• What this task involves:
If a picture appears among the records, leave it out and set down everything else exactly as it stands.
>>>>>
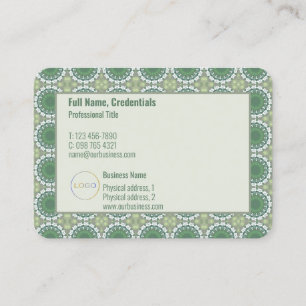 Modern Logo Elegant Abstract Floral Pattern Green Business Card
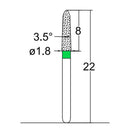 Torpedo, Conical 1.8 mm Dia. Coarse Grit Diamond Bur 5 per pack. 294.18C2 - Osung USA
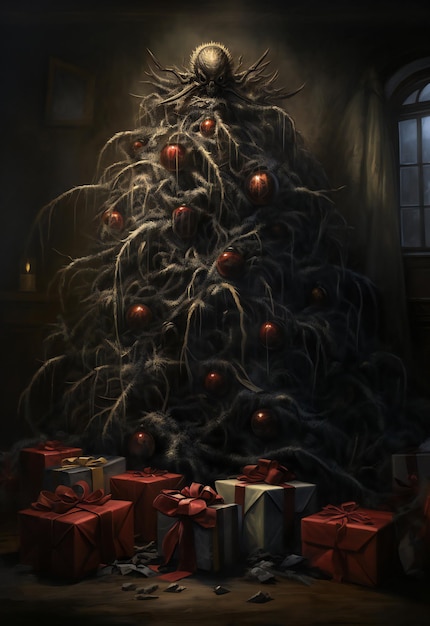 Árbol de navidad con regalos en un cuarto oscuro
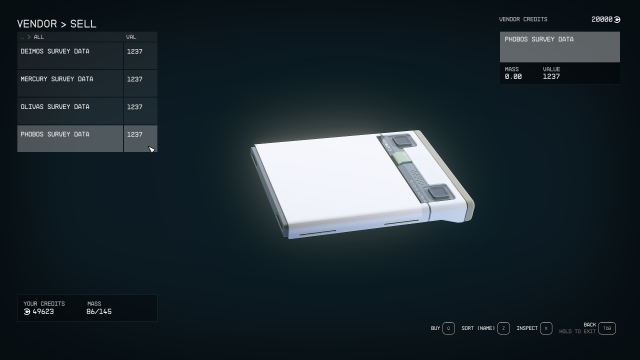Vendor menu showing sellable survey data in Starfield.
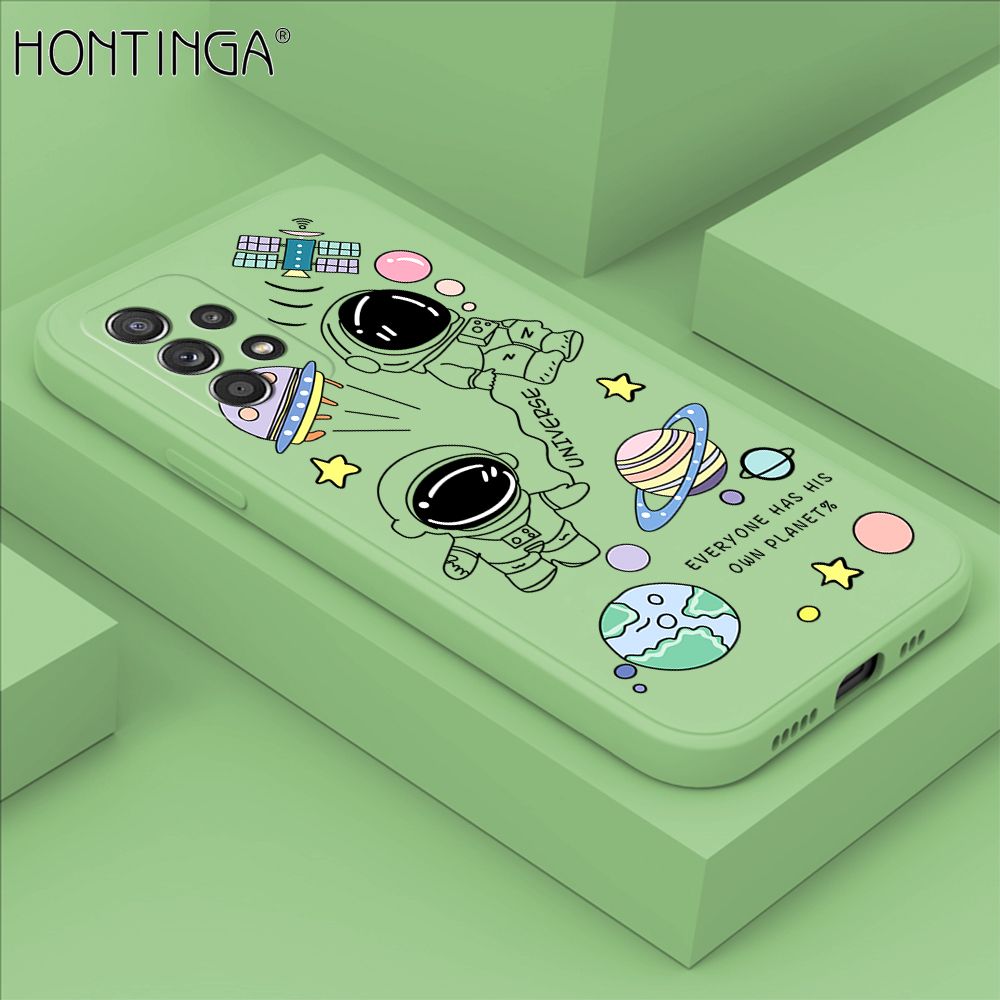 Hontinga for Samsung Galaxy A52 4G / 5G / A52S 5G Case Fashion Earth Planet Astronaut Phone Case Soft Square Edge Silicone Cases Full Lens Cover Shockproof Protection Cover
<<<<<
• Finished task:
 Modern Logo Elegant Abstract Floral Pattern Green Business Card
 Torpedo, Conical 1.8 mm Dia. Coarse Grit Diamond Bur 5 per pack. 294.18C2 - Osung USA
 Árbol de navidad con regalos en un cuarto oscuro
Vendor menu showing sellable survey data in Starfield.
 Hontinga for Samsung Galaxy A52 4G / 5G / A52S 5G Case Fashion Earth Planet Astronaut Phone Case Soft Square Edge Silicone Cases Full Lens Cover Shockproof Protection Cover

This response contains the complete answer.